Evaluation• Comparison with Other Tools:

– Translated Mouse/Human Alignments– 13 million mouse genomic reads vs. human

chromosome 22

WU-TBLASTX BLAT

Relative Speed 1x 73x

% RefSeq Covered 84.5% 86.7%

% Genome Covered 2.67% 2.89%

BLAT vs. BLAST

• Index– Query vs. Database

• Hits– Perfect vs. Near Perfect

• Alignment– Separate vs. Together

Magic Time !

Prediction !No

mind !Great !

Reference

• http://amber.cs.umd.edu/class/838-s04/nada.ppt

• http://bioportal.weizmann.ac.il/course/ATIB/ATIB03_lecture3.print.pdf

BLAT – The B LAST- L ike A lignment T ool

Documents

Transcript of BLAT – The B LAST- L ike A lignment T ool

?ool 1o - Quebec.ca

2013 2013 GrizzlyGrizzlyGrizzly Bear Blat Bear Blat Bear Blat · 2013 2013 GrizzlyGrizzlyGrizzly Bear Blat Bear Blat Bear Blat 8 th August – 17 August The idea of organizing a Blat

ool. - goethe.de

954435-Ool...Title 954435-Ool Created Date 9/20/2018 8:28:41 PM

Teleskola · Web viewIl-blat tal-gżejjer Maltin huwa blat poruż . It-Tafli huwa l-uniku blat impermeabbli fil-gżejjer Maltin. L-erba’ saffi ta’ blat l-oħra huma blat permeabbli.

L ETTER TO P HONEME A LIGNMENT Reihaneh Rabbany Shahin Jabbari.

ANorth AmericanNorth American LIGNMENT - …Optical+Toolin… · North AmericanNorth American LIGNMENT ... We offer calibration estimates on instruments in addition to ... • Yoke

B asic L ocal A lignment S earch T ool

1019368-Ool...Title 1019368-Ool Created Date 5/12/2020 4:21:19 PM

.ool Obligaciones Corriente

THAMMASAT BUSINESS SCH OOL

BLAT – The B LAST- L ike A lignment T ool Kent, W.J. Genome Res. 2002 12: 656-664 Presenter: 巨彥霖 田知本.

Ool - Casa do Povo

Del Blat Al Pa

Stoisko - 1 moduł (blat, ścianka, 4 siedziska)

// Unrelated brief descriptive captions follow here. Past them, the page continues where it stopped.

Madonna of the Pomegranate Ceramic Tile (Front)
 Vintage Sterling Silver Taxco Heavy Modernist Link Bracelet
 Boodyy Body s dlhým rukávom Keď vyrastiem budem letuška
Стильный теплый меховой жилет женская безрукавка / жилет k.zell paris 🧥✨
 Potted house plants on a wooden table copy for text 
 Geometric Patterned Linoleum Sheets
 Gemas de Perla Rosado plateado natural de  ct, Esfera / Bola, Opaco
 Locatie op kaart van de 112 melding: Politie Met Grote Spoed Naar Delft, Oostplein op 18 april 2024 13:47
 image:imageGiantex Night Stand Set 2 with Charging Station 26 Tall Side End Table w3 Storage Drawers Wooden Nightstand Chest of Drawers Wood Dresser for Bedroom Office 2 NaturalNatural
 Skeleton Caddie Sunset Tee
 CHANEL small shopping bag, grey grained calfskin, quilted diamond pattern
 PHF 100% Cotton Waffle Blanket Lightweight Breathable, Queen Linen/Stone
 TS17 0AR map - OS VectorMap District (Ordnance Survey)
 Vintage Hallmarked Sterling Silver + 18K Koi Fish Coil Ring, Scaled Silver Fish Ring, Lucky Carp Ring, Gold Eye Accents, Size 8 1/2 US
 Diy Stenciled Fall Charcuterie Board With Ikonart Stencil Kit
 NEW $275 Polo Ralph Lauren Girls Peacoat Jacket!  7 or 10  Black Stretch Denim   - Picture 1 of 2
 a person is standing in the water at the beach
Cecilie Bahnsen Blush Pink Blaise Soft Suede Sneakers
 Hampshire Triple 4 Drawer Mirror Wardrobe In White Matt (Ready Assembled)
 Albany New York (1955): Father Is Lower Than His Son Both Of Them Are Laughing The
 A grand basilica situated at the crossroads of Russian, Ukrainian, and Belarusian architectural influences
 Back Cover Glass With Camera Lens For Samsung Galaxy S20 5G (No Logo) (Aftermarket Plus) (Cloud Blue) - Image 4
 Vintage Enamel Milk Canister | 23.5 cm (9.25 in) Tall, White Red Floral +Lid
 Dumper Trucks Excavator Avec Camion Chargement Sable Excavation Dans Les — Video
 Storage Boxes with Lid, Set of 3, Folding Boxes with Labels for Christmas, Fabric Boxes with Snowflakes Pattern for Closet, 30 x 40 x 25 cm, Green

Se gment A lignment (SEA) Yuzhen Ye Adam Godzik The Burnham Institute

Blat lapidot - Salesforce summer '16 release webinar

Lecture 3.11 BLAST. Lecture 3.12 BLAST B asic L ocal A lignment S earch T ool Developed in 1990 and 1997 (S. Altschul) A heuristic method for performing.

A lignment Class II

El comerç del blat al Port de Maó

BLAT – The B LAST- L ike A lignment T ool Kent, W.J. Genome Res. 2002 12: 656-664 Presenter: 巨彥霖田知本.